### YOUR TASK
Transcribe, starting at the line with "Lima Chata 200mm" and ending at the line with "Hoppla Cairo Cosmetic Bag", every line of the material below exactly, but leave out the pictures and anything outside that span.

### ENTRIES SHOWN
..........

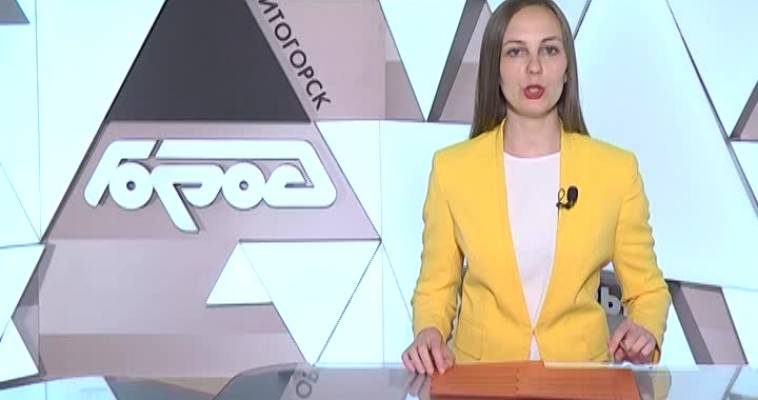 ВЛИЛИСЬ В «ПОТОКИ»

..........

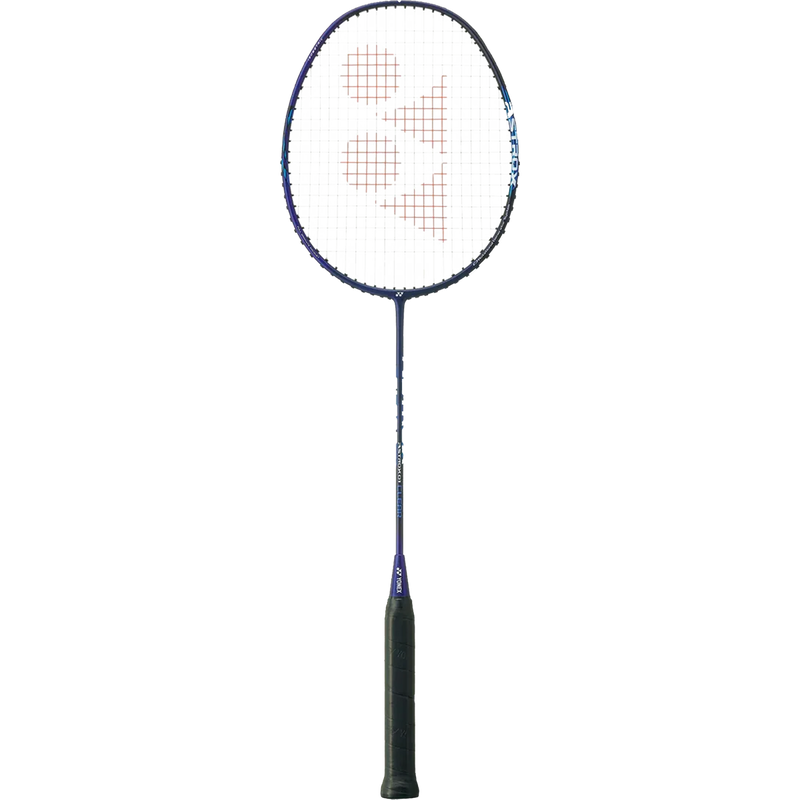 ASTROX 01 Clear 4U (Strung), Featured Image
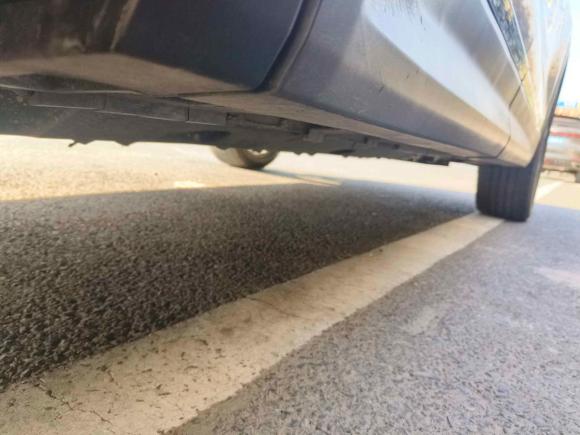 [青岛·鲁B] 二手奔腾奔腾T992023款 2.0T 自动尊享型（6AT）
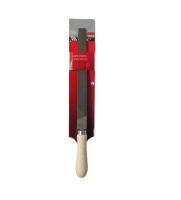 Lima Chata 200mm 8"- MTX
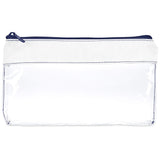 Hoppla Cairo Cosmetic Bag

..........

### RESPONSE TO THE TASK
 Lima Chata 200mm 8"- MTX
 Hoppla Cairo Cosmetic Bag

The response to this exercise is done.